The farside is nearly all old highlands material with the majority of its mare lavas in the center of the South Pole-Aitken Basin. There are two other significant expanses of mare lava within Tsiolkovsky and Mare Moscoviense. Smaller, isolated patches also occur, like little plumbing leaks. And unlike the massive deposits in SPA, Tsiolkovsky and Moscoviense the little leaks typically aren't in large impact structures whose deep fractures provide conduits to the surface. This image shows two odd leaks at about 9° N, just near the western limb as seen from Earth. The larger crater with a dark halo appears to be a normal impact crater that has excavated buried mare lavas - a larger version of Copernicus H. The middle of the images is cut by a secondary crater chain from the Orientale Basin to the south. To the right of the chain is a peculiar feature that has a faint dark nimbus but is not a dark halo imact crater. The enlarged Clementine inset shows that the dark material is on the floor of the crater, and the Lunar Orbit mosaic reveals that the crater is on a rille complex that cuts Orientale ejecta.
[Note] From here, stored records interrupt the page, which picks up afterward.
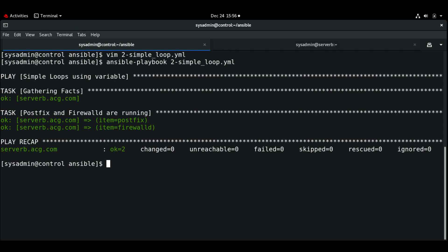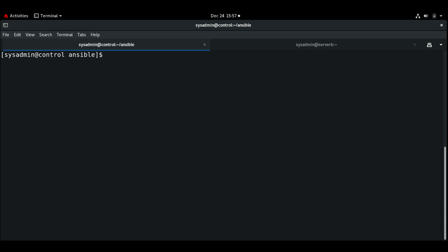The loop list does not need to be a list of simple values — we can also use different methods like hashes or dictionaries. Let's see that in the next example. Let me clear the screen. Here I'll be using hashes or dictionaries for the loop values. Let me create a new playbook called simple_loop3.yaml.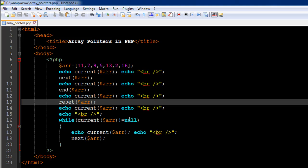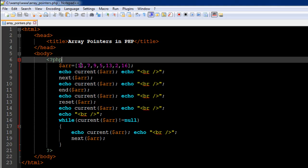We're going to use the current function within the while loop's test condition and check whether the value it returns is not equal to null. We start with 11, then move to 7, then 9, 5, and so on. When we reach 16 and use the next function, the array pointer then points to null because there's nothing after 16. That's when the loop stops. Inside the loop body, the first statement displays the current value, and the second uses the next function to advance the pointer.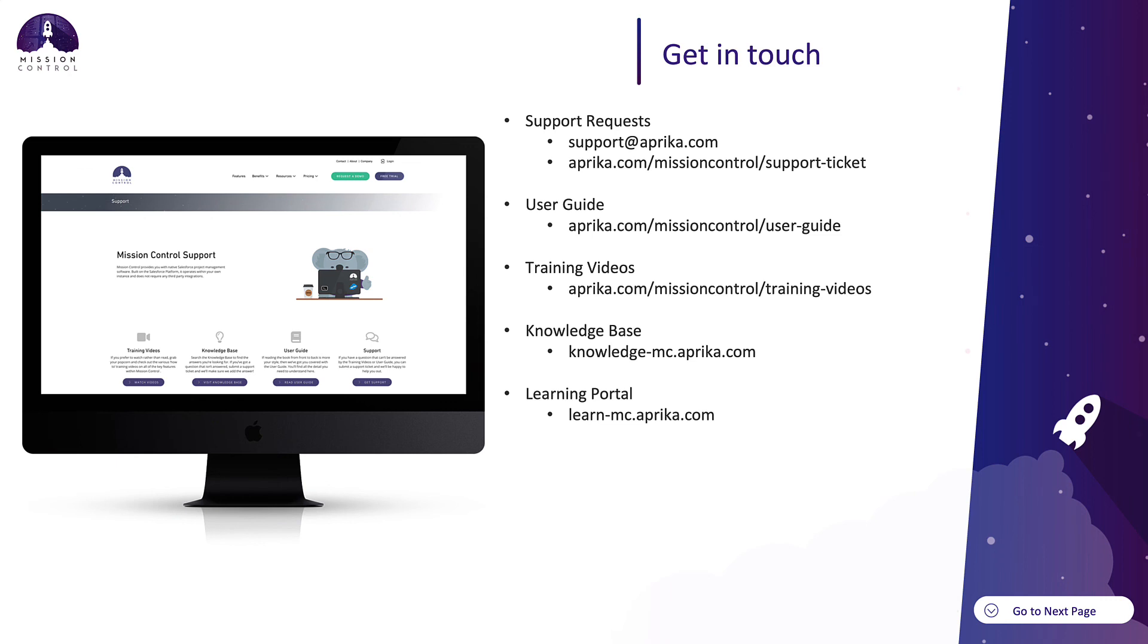You can use our very detailed user guide, training videos, searchable knowledge base, or the learning portal to help understand Mission Control better. That's it for today and hope you have a good day.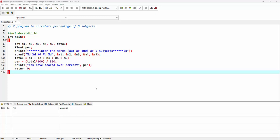In this lecture, we'll see another basic C program, that is to calculate percentage of five subjects.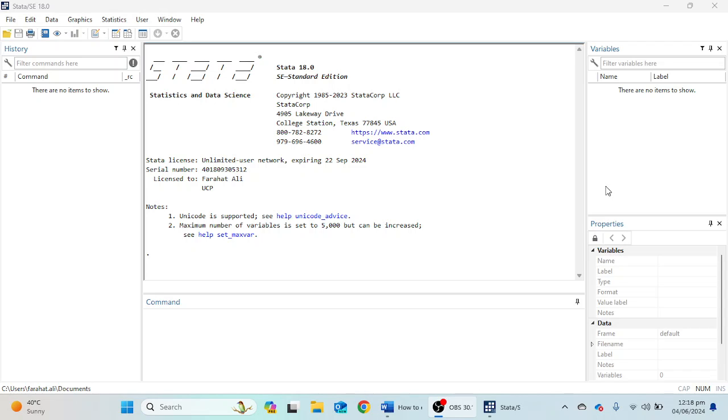Hello everyone, welcome to our new video. I am Dr. Fraath Ali and in this video we will learn how we can enter data in Stata 18 software. So without wasting any time, let's start.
I don't know of any other pyroclastic deposit that occupies the floor of a small crater. Further east, at Vasco da Gama R are other pyroclastics, but R is a floor-fractured crater. The dark halo crater implies that mare basalts underly the Orientale ejecta in this region, but other nearby fresh impacts have not excavated it. The pyroclastics in the dark floor crater and R show that magma - not just older solidified lava - was available too.
Danny Caes independently noted the dark halo crater.